I think it might be helpful to see if your substring is really unicode - two characters - or ascii

rule “Telegram-Gateway”
when
   Item Telegram_Gateway received update
then
   val String User = Telegram_Gateway.state.toString.split(’;’).get(0)
   val String Msg = Telegram_Gateway.state.toString.split(’;’).get(1)

   logInfo("Telegram-Gateway", "Msg chars: " + Msg.length)

   val String Timestring = now.toString("dd.MM.YY' 'HH:mm:ss")
   val String Message = "[" + Timestring + "] " + Msg

   logInfo("Telegram-Gateway", "User: " + User + " | Msg: " + Message)

   sendTelegram(User, Message)
   Thread::sleep(500)
   sendTelegram("userxxx", "[" + Timestring + "] " + "\ud83d\udd12")

end

WOPR · November 22, 2019, 3:37pm

Sorry for the late reply.
I modified my rule. Sleeping for 500ms does not change anything. My string is interpreted as ascii:

2019-11-22 16:31:14.950 [INFO ] [rthome.model.script.Telegram-Gateway] - Msg chars: 12
2019-11-22 16:31:14.951 [INFO ] [rthome.model.script.Telegram-Gateway] - User: userxxx | Msg: [22.11.19 16:31:14] \ud83d\udd12

But why is that important as the hardcoded emoji is also entered as ascii?

Kidn regards

rossko57 · November 22, 2019, 4:37pm

Whatever parses
sendTelegram( ... + "\ud83d\udd12")
actually parses it I suspect, it reads character \ character u character d etc. and ends up with a string containing two unicode characters.

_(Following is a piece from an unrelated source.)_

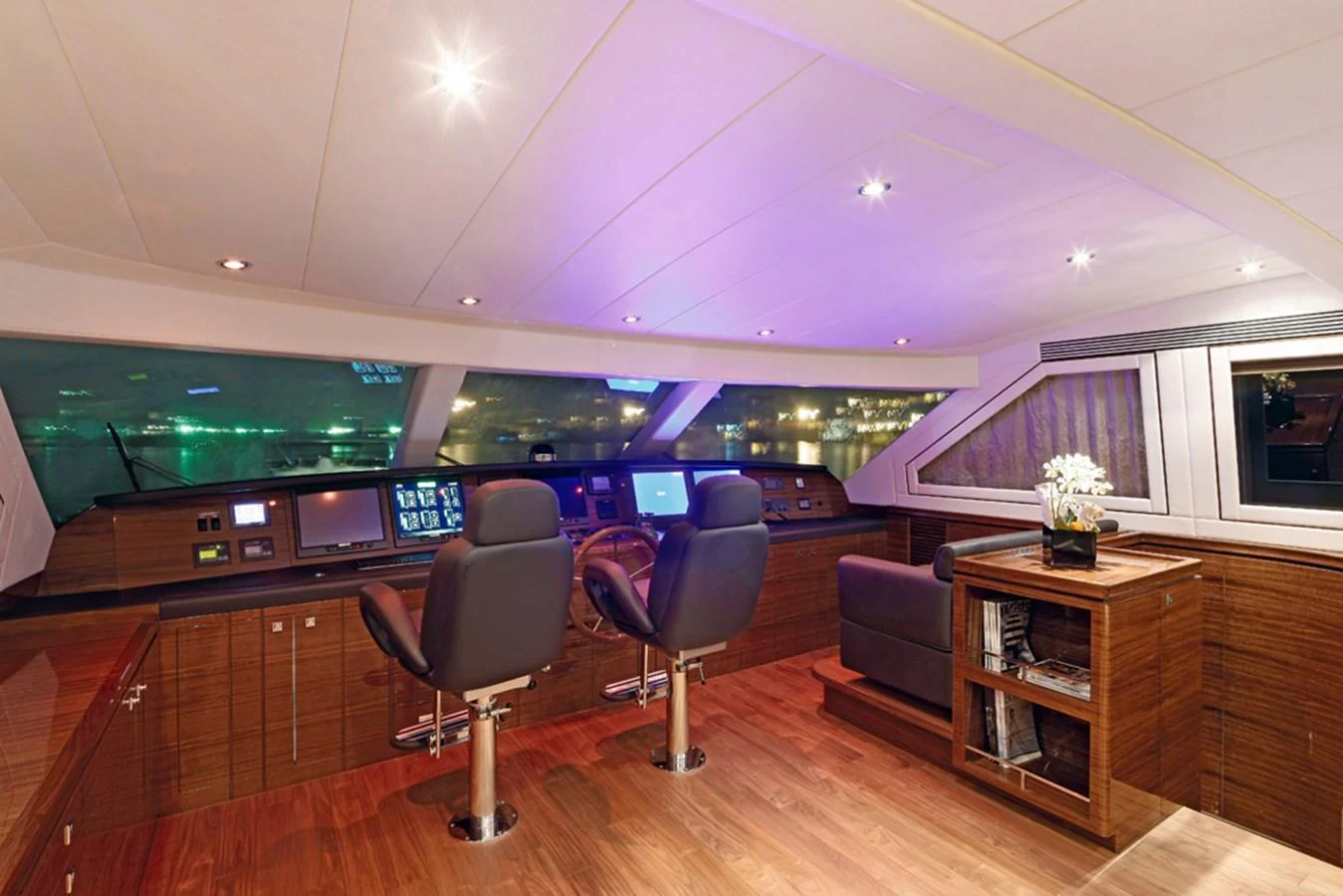 a room with a table chairs and a tv aboard P110 (NEW BOAT SPEC) Yacht for Sale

The string manipulation results in a string containing 12 chars, \ u d etc. which looks like "\ud83d\udd12" of course but is not unicode.

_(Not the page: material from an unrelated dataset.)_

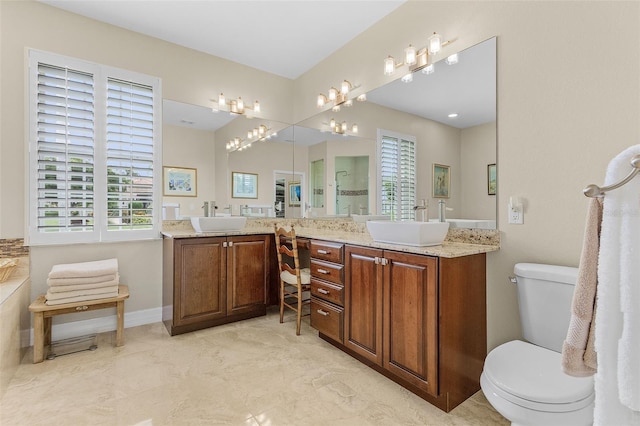 bathroom featuring dual vanity, tile patterned floors, and toilet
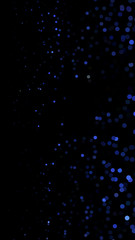 Glowing particles, polka dots on a dark blue background. Vertical festive banner. An elegant holiday pattern. Vector illustration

I appears if you give sendTelegram(someString) a string variable, it uses the string as it is.
If however you give sendTelegram("literal") a string literal, something (and I’m guessing it is rules DSL not the command) parses the literal, where it recognises and encodes the unicode.

What you would like is an encodeStringAsUnicode function to work on your string before passing to telegram. Sounds simple, but I’ve no idea how to do that.